Но это все, что пришло от римлян, больше ничего, но все же, это что-то. Человек не должен никого полностью отрицать. Только из вежливости я принимаю Марка Аврелия, не как просветленного человека, а как хорошего человека. Он мог бы быть просветленным, если бы. волею случая, он бы встретился с таким человеком, как Бодхидхарма. Было бы достаточно всего одного взгляда Бодхидхармы в глаза Марка Аврелия. Тогда бы он познал впервые, что такое медитация.
Он бы пошел домой и сжег бы все, что написал. Возможно, тогда он бы оставил собрание набросков — летящая птица, увядающая роза или просто облако, плывущее по небу — несколько предложений, не говорящих много, но достаточно, чтобы вызвать, достаточно, чтобы пустить в ход процесс в человеке, который встречается с ним. Это было бы настоящей записной книжкой о медитации, но не о размышлениях… Множественное число здесь невозможно.
Восток, и особенно Индия, могут быть названы психологами не только одержимыми смертью, но действительно захваченными идеей о самоубийстве. Здесь бы психолог не ошибся. Человек должен жить, пока он жив; нет необходимости думать о смерти. А когда смерть придет, человек должен умереть и умереть полностью; тогда не будет необходимости оглядываться. И каждое мгновение, когда человек живет тотально, любит и умирает — именно в это мгновение человек познает. Познает что? Этого «что» нет. Человек просто приходит к познанию не предмета, но познающего. «Что» — это объект, а «познающий» — субъект.
В то мгновение, когда умер мой Нана, моя бабушка все еще смеялась, вернее, заканчивала смеяться. Тогда она начала контролировать себя. Она была, конечно, из тех, кто может себя контролировать. Но на меня ее контроль не произвел впечатления, впечатление на меня произвел ее смех перед самым лицом смерти.
Снова и снова я спрашивал ее: «Нани, ты можешь мне сказать, почему ты так громко смеялась, когда смерть была так близка? Если даже такой ребенок как я осознавал это, невозможно, чтобы ты этого не понимала».
Она сказала: «Я осознавала, поэтому я смеялась. Я смеялась над
бедным человеком, который пытался остановить колесо, потому что ни жизнь, ни смерть, в высшем смысле ничего не значат».Мне пришлось дожидаться момента, когда я мог задать ей вопрос и спорить с ней. Когда я сам стал просветленным, я подумал, что задам ей этот вопрос. Именно это я и сделал.

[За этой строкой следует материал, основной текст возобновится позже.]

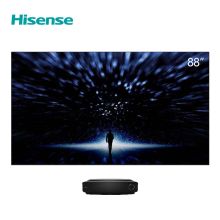 海信 88L5 88英寸 3+32GB大内存/健康护眼/4K AI智能激光电视 银色 （单位：台）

Первое, что я сделал после просветления, в возрасте двадцати одного года, я поспешил в деревню, где жила моя бабушка, в деревню моего отца. Она никогда не покидала места, где был сожжен ее муж. Это место стало ее домом. Она позабыла обо всей роскоши, к которой привыкла. Она позабыла обо всех садах, полях, и озере, которые ей принадлежали. Она просто никогда не вернулась, даже, чтобы все привести в порядок.
Она сказала: «Какой в этом смысл? Все устроено. Мой муж умер, а ребенка, которого я люблю, здесь нет; все устроено».